Tab-Tab, Come in! Bypassing Internet blocking to categorize DPI devices

Motivation

During the past two years, we have been following the technical developments in Internet filtering in Uzbekistan and Turkmenistan. Internet users were reporting that some websites were blocked, connections were reseted and in some cases users were redirected to another website.
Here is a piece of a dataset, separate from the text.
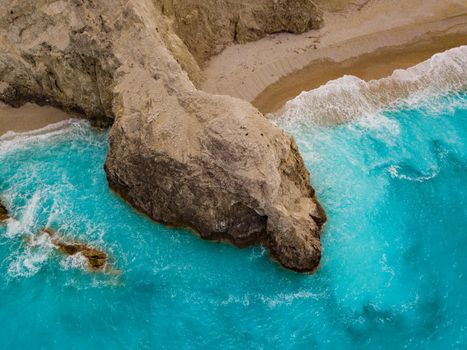 Aerial views of the turquoise sea water with wild seashore and waves reaching sandy beach and steeply rocks on a sunny day. 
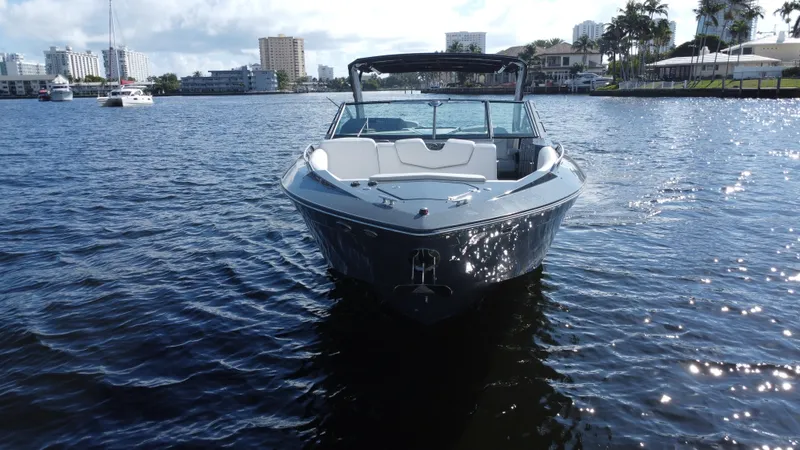 Tgis Yacht Photos Pics 2021 Cruisers Yachts 338 South Beach Edition Bow Rider on water, cityscape background.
Apart from our technical curiosity of how Internet filtering is implemented at large scale and how it can be circumvented, we are interested in providing technical facts of how blocking is taking place. The lack of technical information in this field has an interesting collateral effect in Internet users. Lack of information, help rumours to spread and consolidate the idea that governments have unlimited capabilities, that not only monitor all communications but that ultimately nothing can be done to stop their control. Understanding how Internet filtering is taking place is an important task as it allows to discover mechanisms to bypass it and fingerprint and ultimately expose the companies that provide technology and know-how to governments that want to surpress the free flow of information in the Net.

Our findings

The general Internet blocking architecture in Turkmenistan and Uzbekistan takes places in two basic stages. The first stage is responsible to identify which web/HTTP sessions are trying to reach a blacklisted website. This first stage is hence responsible of matching if a certain user is trying to reach a website that is blacklisted. Once the positive matching has taken place, the blocking or filtering is implemented. We will refer to the first stage as “matching” and the second as “blocking”.

Matching

During our technical investigation we found out that a key element in the matching stage is the “Host header” in a HTTP session. Once the initial handshake between user and the final webserver is established (TCP/IP handshake) the browser will send a HTTP packet with a content like:

GET / HTTP/1.1 Host: www.youtube.com

This first packet tells to the webserver that we want to request the homepage of the website www.youtube.com

The Host header was introduced to be able to specify which domain we are requesting in the common scenario that a single IP address is serving different websites (think here in shared/virtual hosting). The Host header is optional in HTTP 1.0 but mandatory in HTTP 1.1. According the standards, the GET request line and the Host header must end with carriage return character followed by a line feed character <CR><LF>.

Independently of which type of interception technology is used, matching takes place by observing the HTTP Host header field. There are some good technical reasons to implement the matching in this way. Filtering gear does not need to keep track of IP addresses, can operate in stealth mode as it does not need to perform any name resolution and inspecting packets for this header is as technically challenging as keeping track of the content of the full HTTP sessions.

This matching method is simple and even more effective with the current trend of webservers or websites to force users to use the correct domain name when requesting resources from the server.

Filtering

Once the matching is positive, blocking can take place if desired. We have identified three basic methods used to block a session. Reset, Proxying and Active Redirection.

Reset

In the reset method, two RST packets will be send to both ends of the communication. By injecting these two packets between the communicating parties, both the Internet user/browser and the blacklisted webserver will be instructed to terminate the connection. This blocking method is present in Turkmenistan when we could effectively trigger RST traffic as a result of a domain name present in the Host Header.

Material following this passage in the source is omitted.